Work order – Your response should be the complete set of records, reproduced exactly.

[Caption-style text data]
--*--

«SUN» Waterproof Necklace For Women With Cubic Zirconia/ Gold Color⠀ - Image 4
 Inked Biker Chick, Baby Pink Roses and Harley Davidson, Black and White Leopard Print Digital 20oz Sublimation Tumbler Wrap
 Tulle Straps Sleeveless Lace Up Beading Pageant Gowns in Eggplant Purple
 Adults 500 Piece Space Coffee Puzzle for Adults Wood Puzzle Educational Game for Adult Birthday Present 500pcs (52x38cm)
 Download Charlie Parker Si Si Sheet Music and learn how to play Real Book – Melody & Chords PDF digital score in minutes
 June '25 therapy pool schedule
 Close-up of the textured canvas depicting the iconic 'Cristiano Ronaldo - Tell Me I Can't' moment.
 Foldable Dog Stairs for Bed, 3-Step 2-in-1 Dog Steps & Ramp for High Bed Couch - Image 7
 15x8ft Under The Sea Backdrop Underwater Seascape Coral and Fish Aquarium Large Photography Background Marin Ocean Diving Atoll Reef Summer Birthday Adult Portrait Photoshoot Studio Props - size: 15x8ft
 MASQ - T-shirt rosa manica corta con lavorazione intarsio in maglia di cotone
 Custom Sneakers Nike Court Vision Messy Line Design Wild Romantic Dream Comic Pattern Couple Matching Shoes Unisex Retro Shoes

--*--

Written response –
«SUN» Waterproof Necklace For Women With Cubic Zirconia/ Gold Color⠀ - Image 4
 Inked Biker Chick, Baby Pink Roses and Harley Davidson, Black and White Leopard Print Digital 20oz Sublimation Tumbler Wrap
 Tulle Straps Sleeveless Lace Up Beading Pageant Gowns in Eggplant Purple
 Adults 500 Piece Space Coffee Puzzle for Adults Wood Puzzle Educational Game for Adult Birthday Present 500pcs (52x38cm)
 Download Charlie Parker Si Si Sheet Music and learn how to play Real Book – Melody & Chords PDF digital score in minutes
 June '25 therapy pool schedule
 Close-up of the textured canvas depicting the iconic 'Cristiano Ronaldo - Tell Me I Can't' moment.
 Foldable Dog Stairs for Bed, 3-Step 2-in-1 Dog Steps & Ramp for High Bed Couch - Image 7
 15x8ft Under The Sea Backdrop Underwater Seascape Coral and Fish Aquarium Large Photography Background Marin Ocean Diving Atoll Reef Summer Birthday Adult Portrait Photoshoot Studio Props - size: 15x8ft
 MASQ - T-shirt rosa manica corta con lavorazione intarsio in maglia di cotone
 Custom Sneakers Nike Court Vision Messy Line Design Wild Romantic Dream Comic Pattern Couple Matching Shoes Unisex Retro Shoes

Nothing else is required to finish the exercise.